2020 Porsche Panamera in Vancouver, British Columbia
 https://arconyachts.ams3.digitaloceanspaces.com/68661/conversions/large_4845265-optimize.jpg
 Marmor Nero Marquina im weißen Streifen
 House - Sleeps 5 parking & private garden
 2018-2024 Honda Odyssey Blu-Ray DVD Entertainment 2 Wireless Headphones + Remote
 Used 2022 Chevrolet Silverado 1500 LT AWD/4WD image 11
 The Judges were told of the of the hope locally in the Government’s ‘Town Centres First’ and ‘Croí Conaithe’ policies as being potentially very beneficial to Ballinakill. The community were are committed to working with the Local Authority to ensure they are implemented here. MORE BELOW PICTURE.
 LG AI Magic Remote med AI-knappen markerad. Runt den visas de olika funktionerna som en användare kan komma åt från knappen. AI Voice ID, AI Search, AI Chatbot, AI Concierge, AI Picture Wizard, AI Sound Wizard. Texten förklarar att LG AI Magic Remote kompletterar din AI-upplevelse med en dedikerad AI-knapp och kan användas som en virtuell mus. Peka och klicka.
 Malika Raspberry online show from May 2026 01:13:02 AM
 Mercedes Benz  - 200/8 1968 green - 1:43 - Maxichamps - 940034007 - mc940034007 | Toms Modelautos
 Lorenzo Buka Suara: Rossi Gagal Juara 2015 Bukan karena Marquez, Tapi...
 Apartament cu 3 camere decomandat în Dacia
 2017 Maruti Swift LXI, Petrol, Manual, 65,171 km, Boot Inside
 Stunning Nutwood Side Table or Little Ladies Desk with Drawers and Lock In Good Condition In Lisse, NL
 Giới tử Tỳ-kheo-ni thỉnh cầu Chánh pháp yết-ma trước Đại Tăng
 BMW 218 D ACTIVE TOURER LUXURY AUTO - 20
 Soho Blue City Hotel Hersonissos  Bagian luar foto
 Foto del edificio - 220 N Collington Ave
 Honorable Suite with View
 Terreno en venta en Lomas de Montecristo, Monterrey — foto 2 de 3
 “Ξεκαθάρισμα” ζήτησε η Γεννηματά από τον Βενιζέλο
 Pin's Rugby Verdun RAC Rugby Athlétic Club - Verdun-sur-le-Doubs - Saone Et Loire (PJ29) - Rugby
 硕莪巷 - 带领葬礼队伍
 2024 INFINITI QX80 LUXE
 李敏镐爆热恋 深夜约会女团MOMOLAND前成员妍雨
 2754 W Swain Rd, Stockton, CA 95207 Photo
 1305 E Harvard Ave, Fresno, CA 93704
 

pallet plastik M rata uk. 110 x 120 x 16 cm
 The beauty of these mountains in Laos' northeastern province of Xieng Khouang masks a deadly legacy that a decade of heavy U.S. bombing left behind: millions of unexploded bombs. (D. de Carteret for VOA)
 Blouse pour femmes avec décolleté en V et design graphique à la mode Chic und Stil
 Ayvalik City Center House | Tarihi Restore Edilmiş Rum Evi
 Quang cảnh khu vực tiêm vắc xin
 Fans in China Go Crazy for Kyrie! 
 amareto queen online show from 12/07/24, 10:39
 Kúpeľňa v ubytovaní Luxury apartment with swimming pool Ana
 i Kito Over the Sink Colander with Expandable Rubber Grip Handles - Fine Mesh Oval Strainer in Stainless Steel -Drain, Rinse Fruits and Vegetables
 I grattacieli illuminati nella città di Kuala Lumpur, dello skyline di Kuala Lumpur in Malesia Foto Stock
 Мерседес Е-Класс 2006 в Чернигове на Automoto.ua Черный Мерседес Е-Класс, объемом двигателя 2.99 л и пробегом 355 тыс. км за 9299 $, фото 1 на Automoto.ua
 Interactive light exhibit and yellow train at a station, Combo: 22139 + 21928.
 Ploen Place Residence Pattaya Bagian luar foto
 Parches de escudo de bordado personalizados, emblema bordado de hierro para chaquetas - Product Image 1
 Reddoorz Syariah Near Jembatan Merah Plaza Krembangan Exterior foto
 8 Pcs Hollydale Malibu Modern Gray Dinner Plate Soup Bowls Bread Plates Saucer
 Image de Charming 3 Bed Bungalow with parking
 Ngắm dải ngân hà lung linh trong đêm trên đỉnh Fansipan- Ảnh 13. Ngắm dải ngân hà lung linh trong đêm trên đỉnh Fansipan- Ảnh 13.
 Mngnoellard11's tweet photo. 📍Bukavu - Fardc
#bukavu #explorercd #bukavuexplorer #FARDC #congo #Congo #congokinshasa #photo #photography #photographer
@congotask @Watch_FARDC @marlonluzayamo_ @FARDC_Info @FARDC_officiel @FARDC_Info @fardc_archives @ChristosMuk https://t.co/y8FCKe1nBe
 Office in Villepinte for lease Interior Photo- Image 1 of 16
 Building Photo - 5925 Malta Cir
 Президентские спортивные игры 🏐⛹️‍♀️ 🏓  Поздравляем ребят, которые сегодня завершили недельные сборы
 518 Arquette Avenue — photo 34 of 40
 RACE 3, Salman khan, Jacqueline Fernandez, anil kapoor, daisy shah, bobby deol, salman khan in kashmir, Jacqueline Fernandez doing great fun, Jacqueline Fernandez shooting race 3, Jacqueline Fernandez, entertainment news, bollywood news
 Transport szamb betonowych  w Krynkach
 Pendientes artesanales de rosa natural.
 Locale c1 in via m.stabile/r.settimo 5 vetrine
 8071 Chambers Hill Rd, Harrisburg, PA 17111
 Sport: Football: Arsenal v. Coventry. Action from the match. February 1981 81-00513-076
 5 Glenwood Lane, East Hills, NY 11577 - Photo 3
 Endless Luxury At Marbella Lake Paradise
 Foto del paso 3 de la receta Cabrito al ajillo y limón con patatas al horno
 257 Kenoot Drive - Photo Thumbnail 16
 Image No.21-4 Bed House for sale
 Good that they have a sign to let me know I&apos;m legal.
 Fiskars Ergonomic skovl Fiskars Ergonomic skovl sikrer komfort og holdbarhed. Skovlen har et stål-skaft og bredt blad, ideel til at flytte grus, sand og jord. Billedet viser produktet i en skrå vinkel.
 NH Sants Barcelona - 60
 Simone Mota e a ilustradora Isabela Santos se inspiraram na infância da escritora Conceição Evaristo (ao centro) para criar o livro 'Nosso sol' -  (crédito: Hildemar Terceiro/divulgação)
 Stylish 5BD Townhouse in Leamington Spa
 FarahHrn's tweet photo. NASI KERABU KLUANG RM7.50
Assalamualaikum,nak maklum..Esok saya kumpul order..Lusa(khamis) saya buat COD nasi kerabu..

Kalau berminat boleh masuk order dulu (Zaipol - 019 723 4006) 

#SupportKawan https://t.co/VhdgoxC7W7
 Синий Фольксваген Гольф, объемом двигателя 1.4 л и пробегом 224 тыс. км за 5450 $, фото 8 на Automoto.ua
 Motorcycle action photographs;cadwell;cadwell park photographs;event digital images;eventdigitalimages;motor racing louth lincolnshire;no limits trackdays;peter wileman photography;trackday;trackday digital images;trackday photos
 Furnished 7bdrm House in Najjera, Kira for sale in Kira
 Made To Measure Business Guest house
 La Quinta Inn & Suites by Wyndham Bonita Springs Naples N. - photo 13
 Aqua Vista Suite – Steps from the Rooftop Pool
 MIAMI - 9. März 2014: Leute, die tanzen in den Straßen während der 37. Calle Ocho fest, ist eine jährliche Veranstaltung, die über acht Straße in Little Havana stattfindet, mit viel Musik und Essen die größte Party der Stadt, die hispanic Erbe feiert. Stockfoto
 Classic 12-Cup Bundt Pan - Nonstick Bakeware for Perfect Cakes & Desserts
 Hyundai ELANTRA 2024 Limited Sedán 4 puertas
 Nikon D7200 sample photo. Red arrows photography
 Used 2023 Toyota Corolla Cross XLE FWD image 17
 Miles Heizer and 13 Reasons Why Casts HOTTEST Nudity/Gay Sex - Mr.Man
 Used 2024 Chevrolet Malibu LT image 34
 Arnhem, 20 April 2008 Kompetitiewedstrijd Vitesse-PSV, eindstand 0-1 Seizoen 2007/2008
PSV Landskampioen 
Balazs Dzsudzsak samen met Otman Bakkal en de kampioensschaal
==================================================
**Problem statement:** Find the line with "Blouse pour femmes" in the entries above. Retype it and each line after it, exactly, through the line with "8 Pcs Hollydale", and stop there.

**Answer area:**
 Blouse pour femmes avec décolleté en V et design graphique à la mode Chic und Stil
 Ayvalik City Center House | Tarihi Restore Edilmiş Rum Evi
 Quang cảnh khu vực tiêm vắc xin
 Fans in China Go Crazy for Kyrie! 
 amareto queen online show from 12/07/24, 10:39
 Kúpeľňa v ubytovaní Luxury apartment with swimming pool Ana
 i Kito Over the Sink Colander with Expandable Rubber Grip Handles - Fine Mesh Oval Strainer in Stainless Steel -Drain, Rinse Fruits and Vegetables
 I grattacieli illuminati nella città di Kuala Lumpur, dello skyline di Kuala Lumpur in Malesia Foto Stock
 Мерседес Е-Класс 2006 в Чернигове на Automoto.ua Черный Мерседес Е-Класс, объемом двигателя 2.99 л и пробегом 355 тыс. км за 9299 $, фото 1 на Automoto.ua
 Interactive light exhibit and yellow train at a station, Combo: 22139 + 21928.
 Ploen Place Residence Pattaya Bagian luar foto
 Parches de escudo de bordado personalizados, emblema bordado de hierro para chaquetas - Product Image 1
 Reddoorz Syariah Near Jembatan Merah Plaza Krembangan Exterior foto
 8 Pcs Hollydale Malibu Modern Gray Dinner Plate Soup Bowls Bread Plates Saucer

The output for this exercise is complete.